**What to produce**
After locating the line with "Appartamento Marovito Supetarska" in the entries below, set down exactly that line and each one after it to the end, skipping pictures.

[Captioned web image data]
Content starts

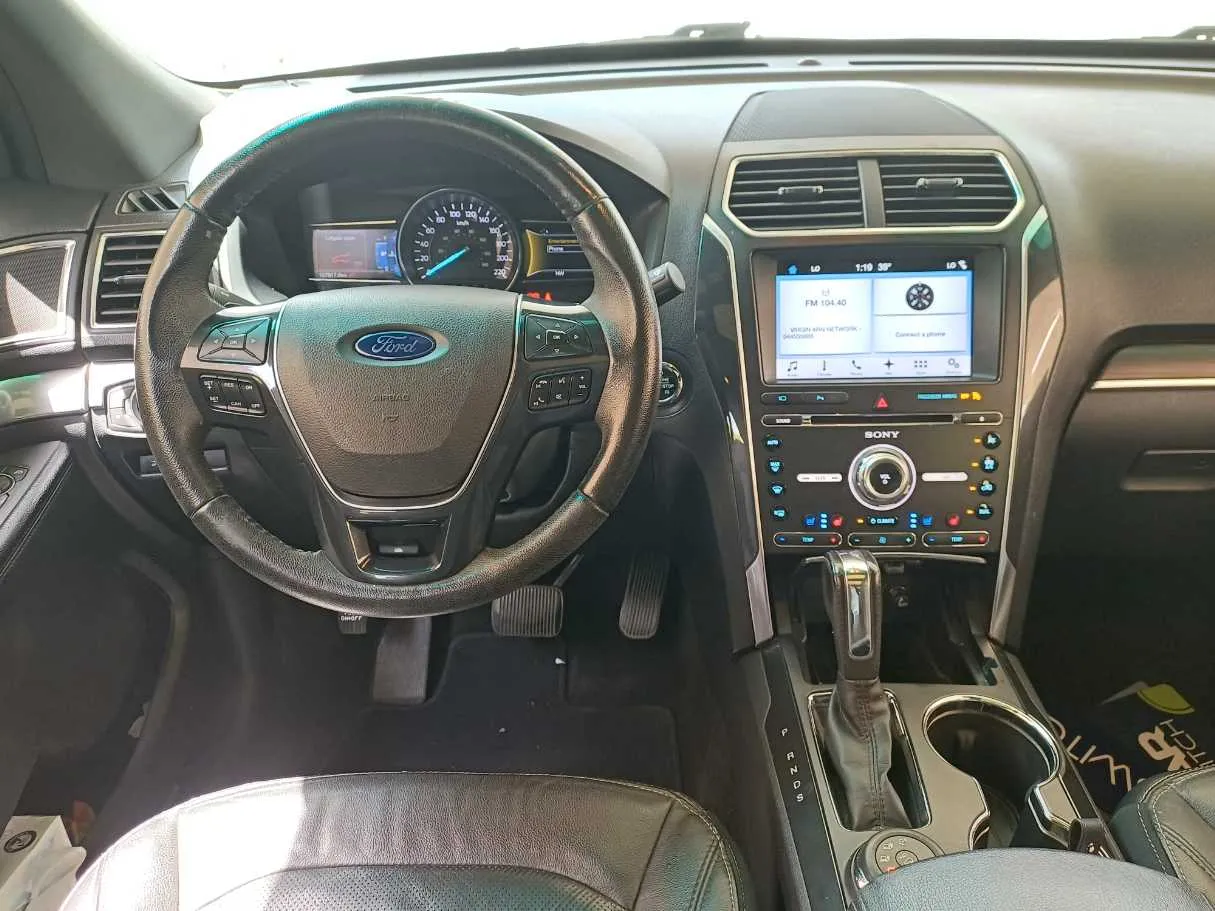 Car image 17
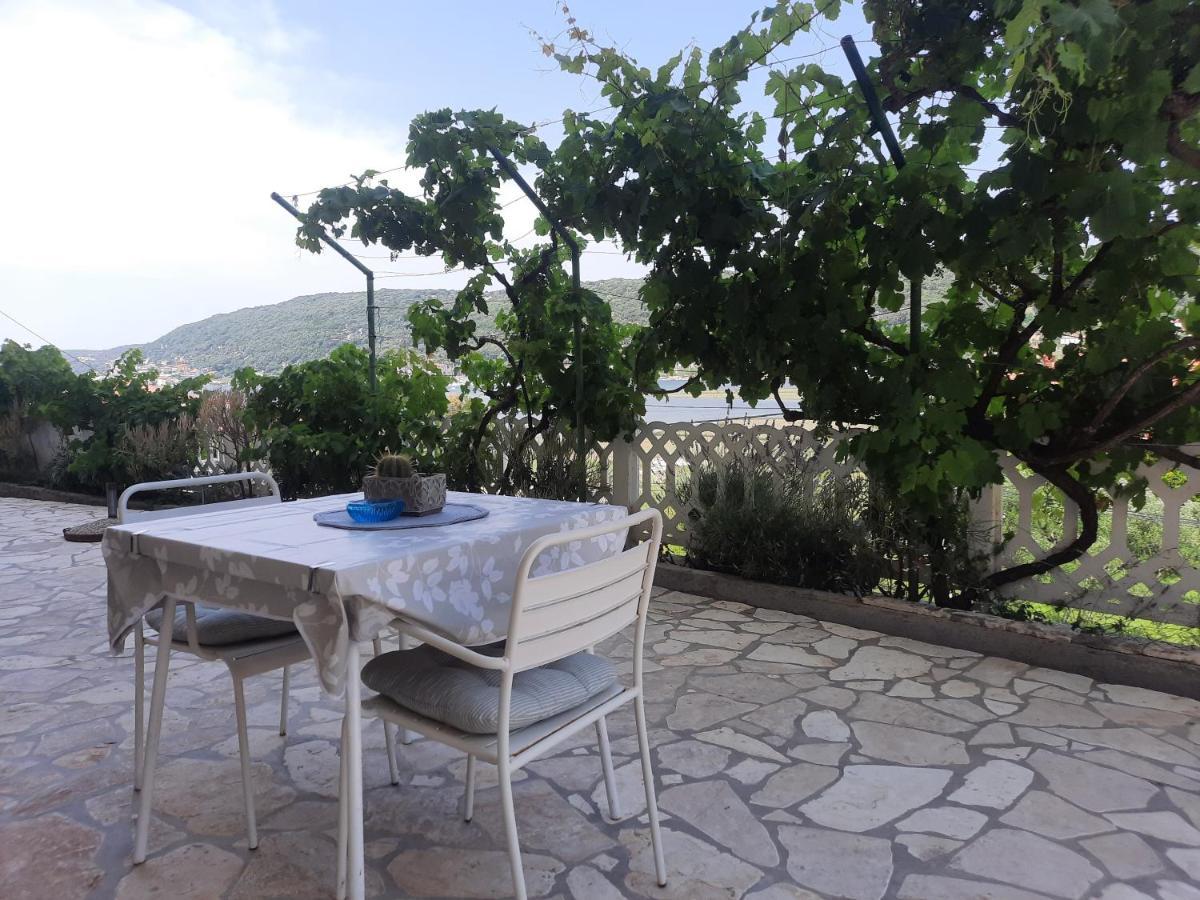 Appartamento Marovito Supetarska Draga Esterno foto
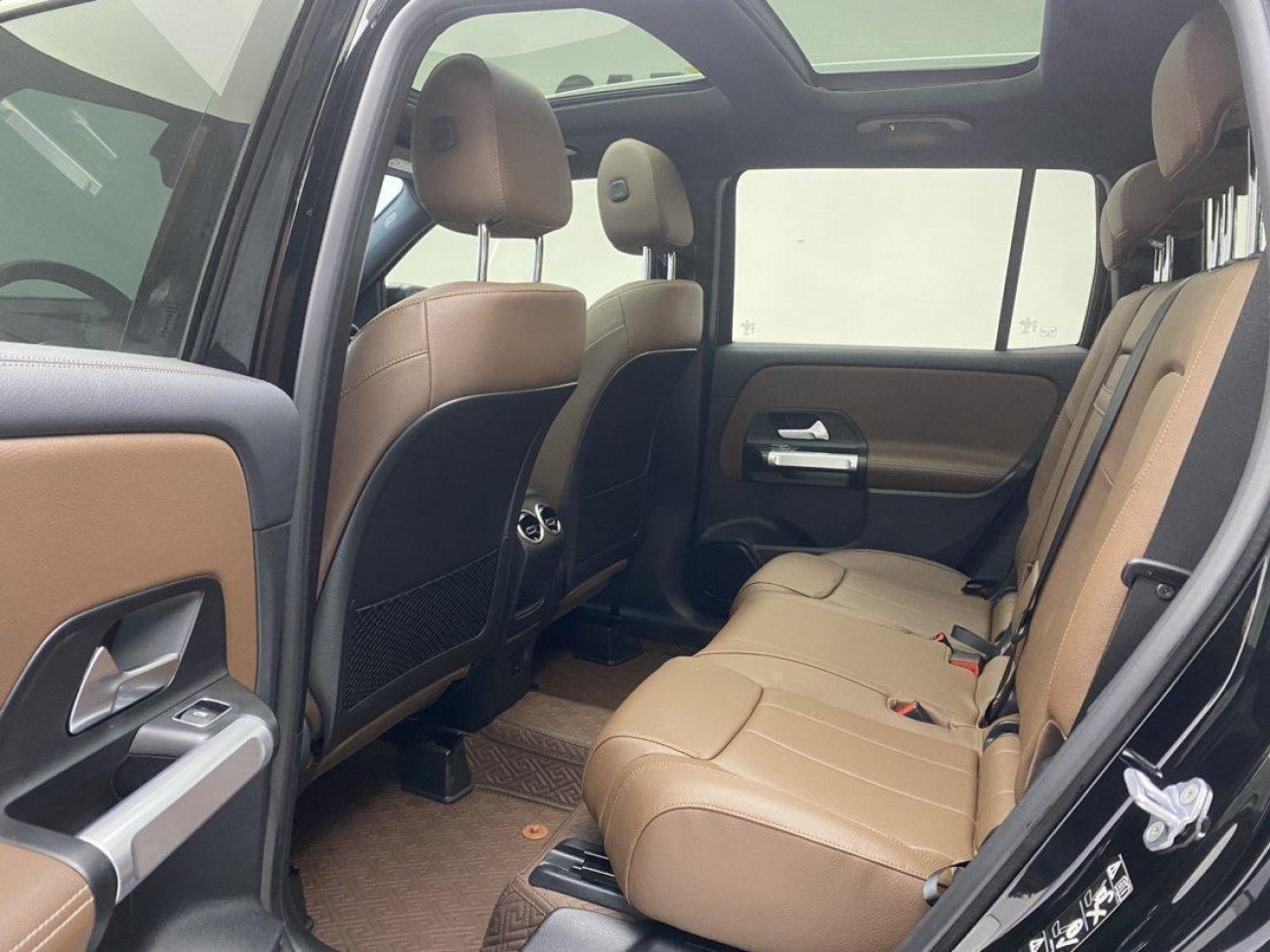 Mercedes-Benz GLB 2023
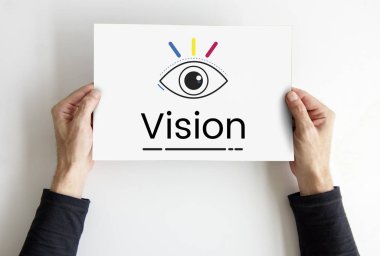 afişini holding eller 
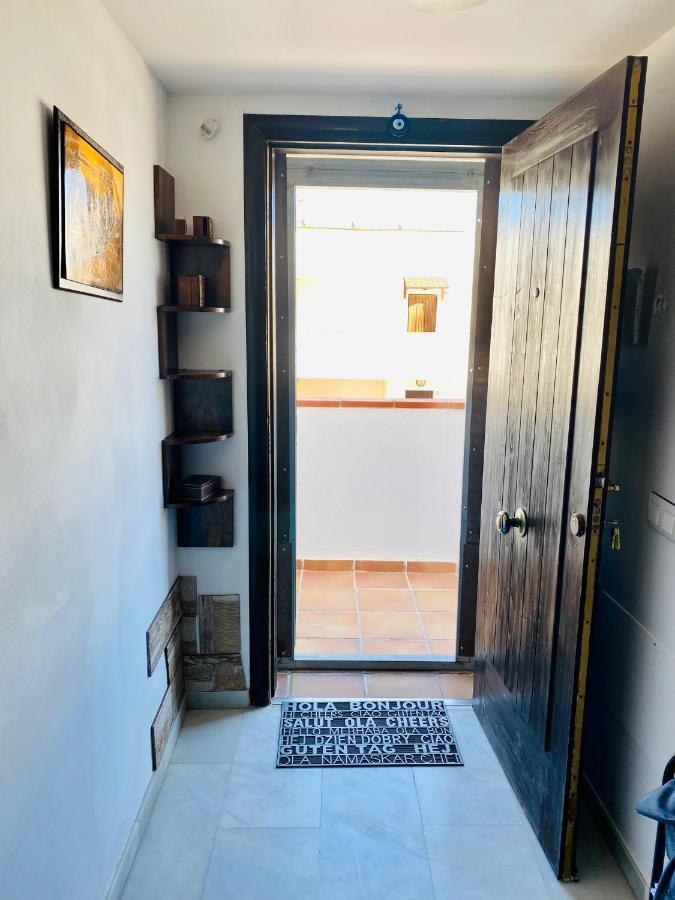 Encantador Atico Con Chimenea Y Piscina En Almeria Retamar  Exterior foto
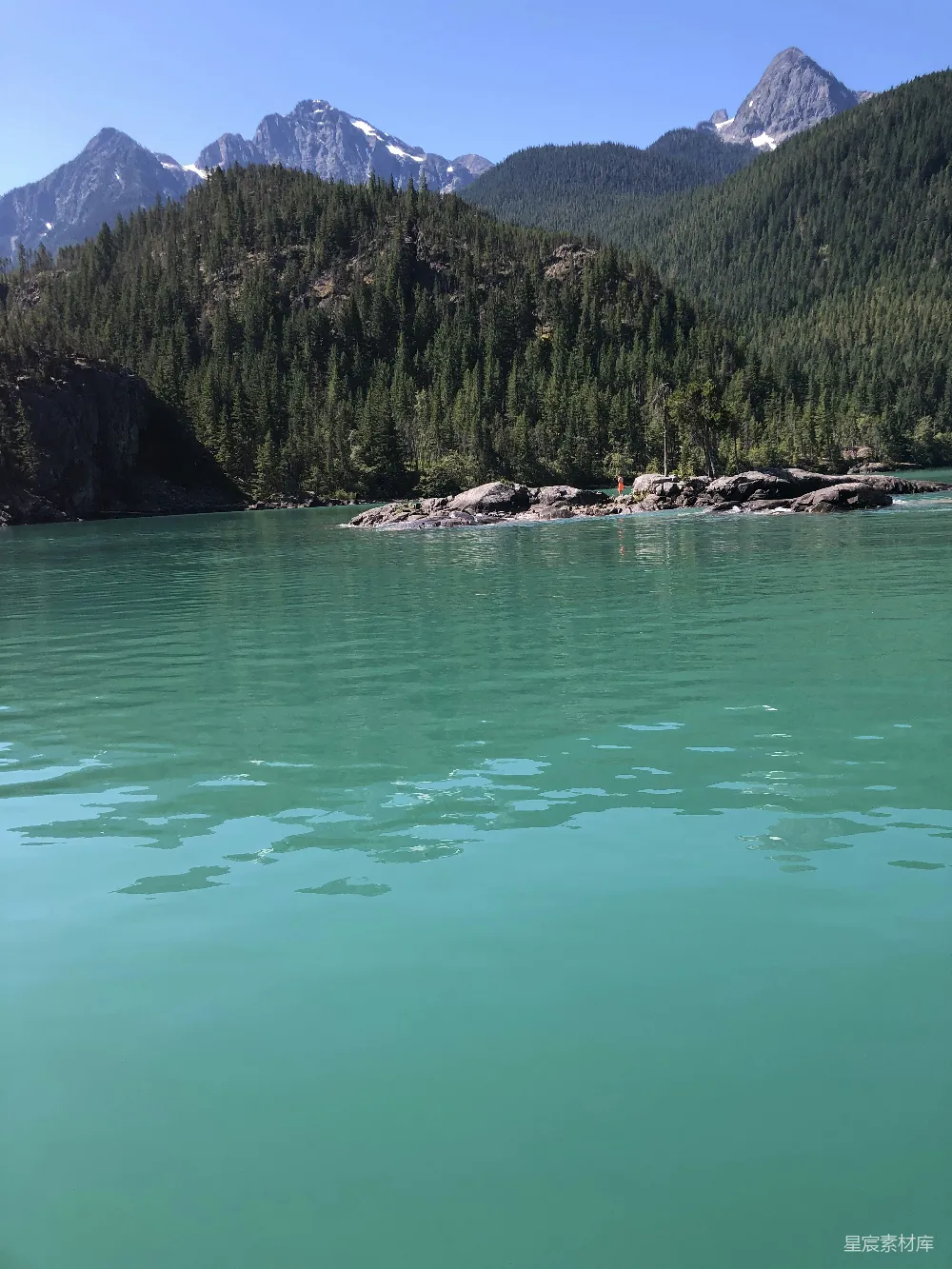 高清摄影 自然风光 湖泊 宁静 山景 户外 碧绿湖畔的宁静时光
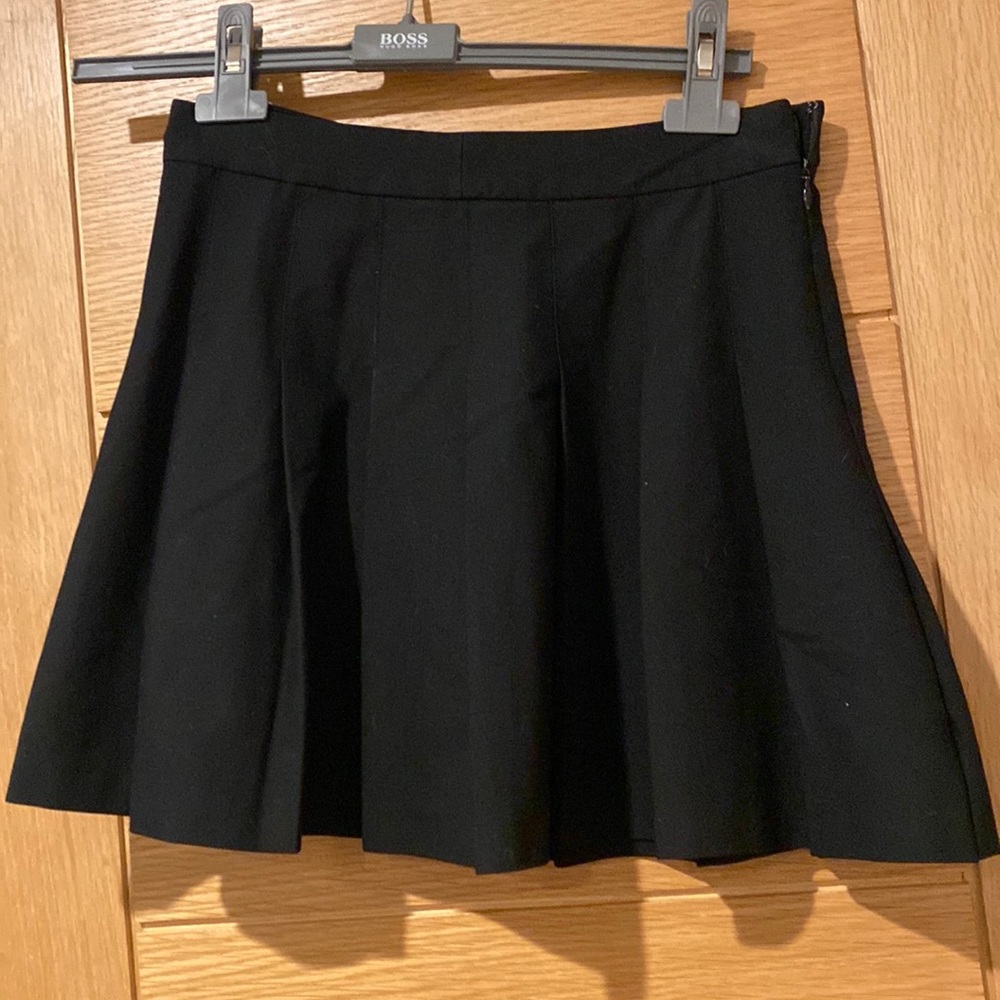 Aritzia Sunday best black pleated skirt. Size 4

Content ends

**Result**
 Appartamento Marovito Supetarska Draga Esterno foto
 Mercedes-Benz GLB 2023
 afişini holding eller 
 Encantador Atico Con Chimenea Y Piscina En Almeria Retamar  Exterior foto
 高清摄影 自然风光 湖泊 宁静 山景 户外 碧绿湖畔的宁静时光
 Aritzia Sunday best black pleated skirt. Size 4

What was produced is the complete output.